» **ASSIGNED TASK**:
Write down exactly the lines from the one below that has "Steaming Pot Icon with Lid Open" to the end of the data, both ends included; the pictures should not appear in your copy.

» **DATASET EXTRACT**:
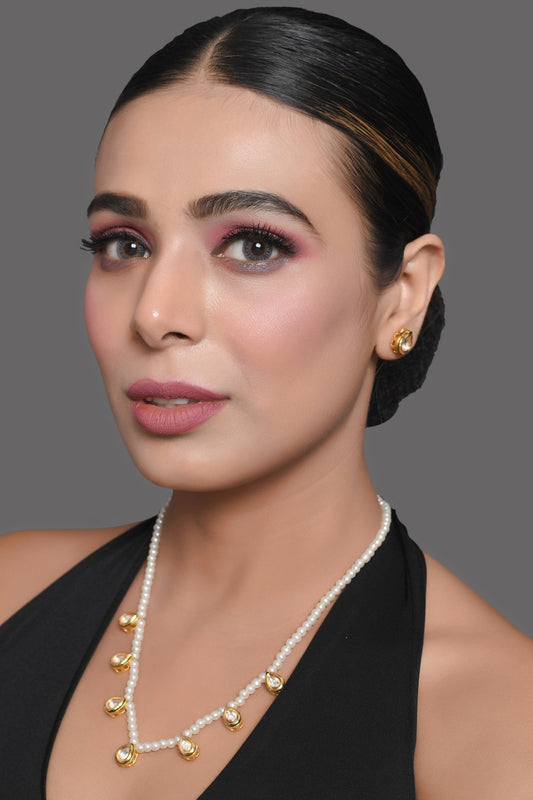 Peryl Women's Pearl Beaded Kundan Embellished Necklace With Earrings - Grab2buy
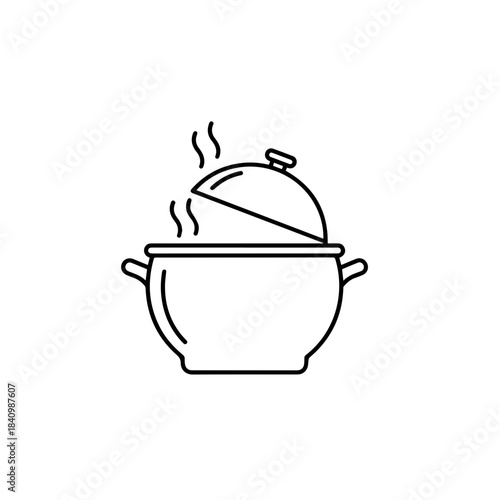 Steaming Pot Icon with Lid Open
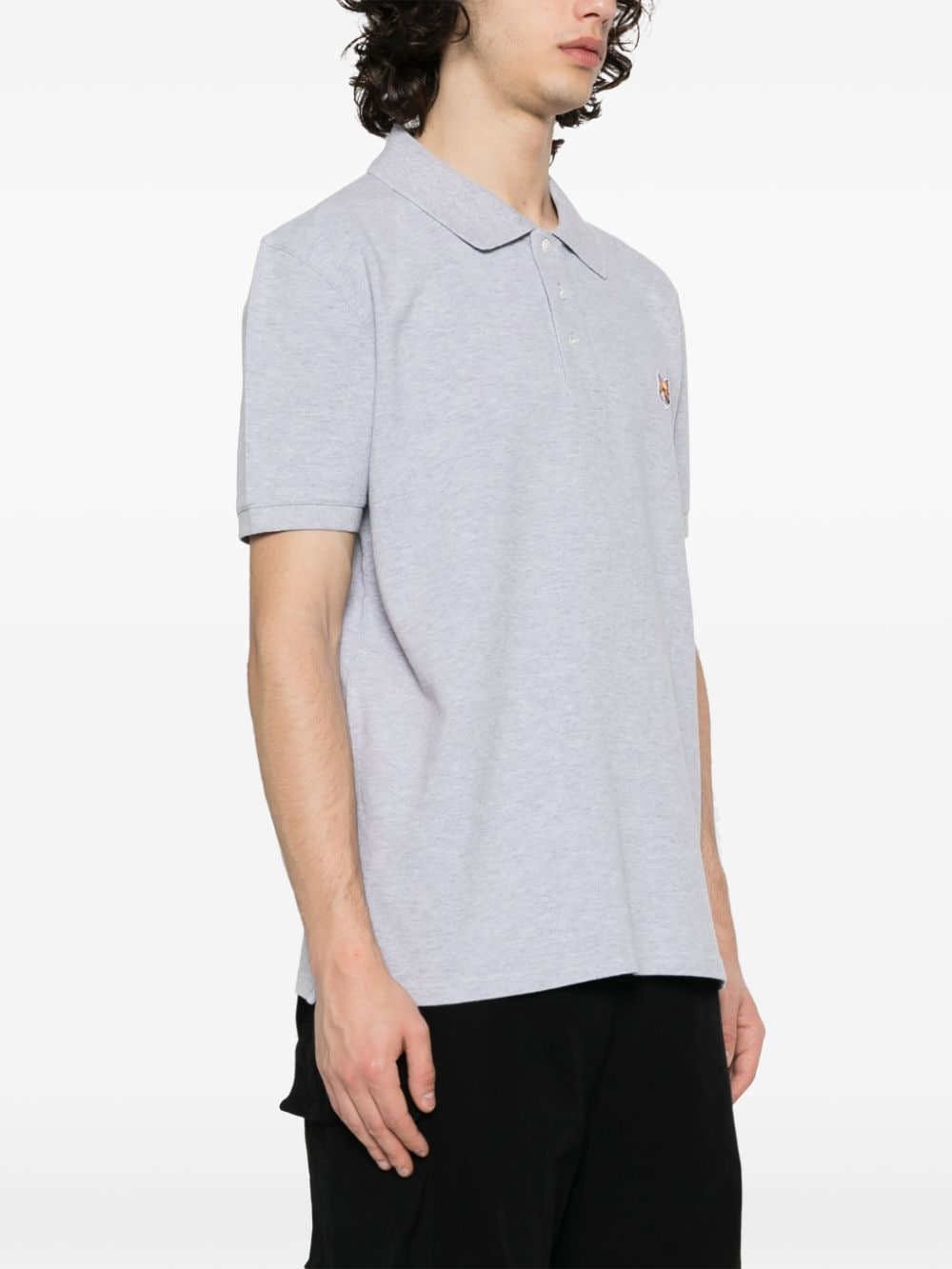 MAISON KITSUNE' Fox Head Polo Shirt In Grey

» **EXERCISE RESPONSE**:
 Steaming Pot Icon with Lid Open
 MAISON KITSUNE' Fox Head Polo Shirt In Grey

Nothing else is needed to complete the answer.